ALTEZZA, POUR LES FEMMES
Le premier lancement a prouvé que Pinet Montrivel pouvait trouver sa cible. Marc Gauthier s’est immédiatement mis au travail pour mettre au point la gamme femme.
Cela a nécessité deux années pour aboutir à une nouvelle campagne de financement lancée sur Kickstarter, une plateforme plus internationale. Dans le parcours d’une entreprise, tout ne se passe pas toujours comme prévu, tous les chefs d’entreprise expérimentés le savent. Ce fut le cas avec cette campagne. Il fallait au minimum atteindre 80% de l’objectif pour pouvoir aller de l’avant, malheureusement, le taux de réussite n’a été que de 60%, ne permettant pas de rassembler les fonds suffisants pour poursuivre.
REPARTIR
Face à un échec partiel, il n’y a que deux solutions, abandonner pour de bon ou repartir sur de nouvelles bases. Marc Gauthier ne s’est pas lancé sur le court terme, il poursuivra donc l’aventure. Il vend encore les modèles de sa collection homme et s’engage dans de nouveaux défis. Réfléchir à de nouveaux modèles plus en phase avec le public, rechercher des sources de financement, car il s’est lancé seul sans investisseur. Troisième piste de travail, creuser la piste écoresponsable fait partie des chantiers qu’il met en place.
ET AUJOURD’HUI ?
Aujourd’hui, Marc Gauthier est un entrepreneur qui tente de mener de front plusieurs vies pour réussir. Il s’est donc lancé en parallèle de Pinet Montrivel dans une activité de consultant sur tous les aspects du lancement d’une entreprise. Car il faut trouver des solutions et continuer à gagner sa vie en attendant que l’entreprise permette de le faire totalement. Notre entrepreneur est donc également réserviste de l’armée de terre.
Le fait de réussir à tendre vers le 100% made in France reste un objectif pour Marc Gauthier. Cela ne dépend évidemment pas que de lui, car depuis la faillite de l’entreprise France Ébauches il y a 28 ans, le savoir-faire français a disparu, il est aujourd’hui dans les mains des Suisses et des Asiatiques. Marc Gauthier espère qu’une filière revivra un jour, même si pour le moment, la filière horlogère française opte dans sa grande majorité pour une collaboration avec la Suisse.

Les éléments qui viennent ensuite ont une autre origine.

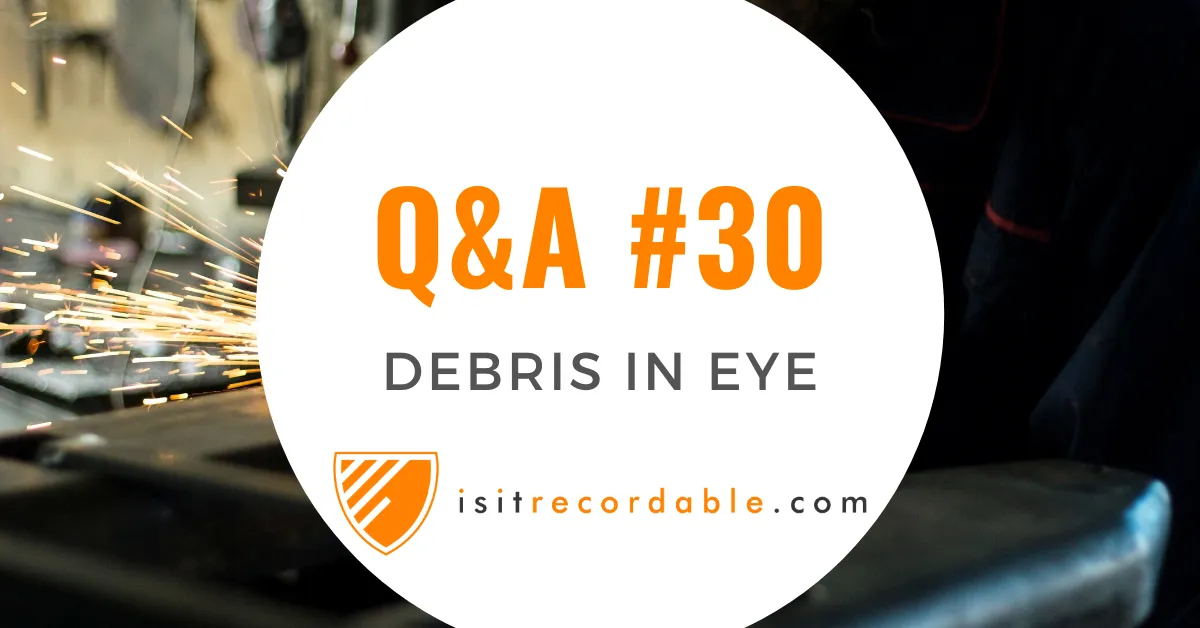 Illustration for the scenario: Debris in Eye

Pas de 100% français, mais déjà une collaboration européenne et donc forcément plus locale. Marc Gauthier place cependant des espoirs dans le projet de Soprod (groupe Festina) qui pourrait s’associer à l’horloger Berthet pour relancer une fabrication française. On n’en est pas encore là, Pinet Montrivel est là pour durer. Comme ses montagnes du Haut-Doubs.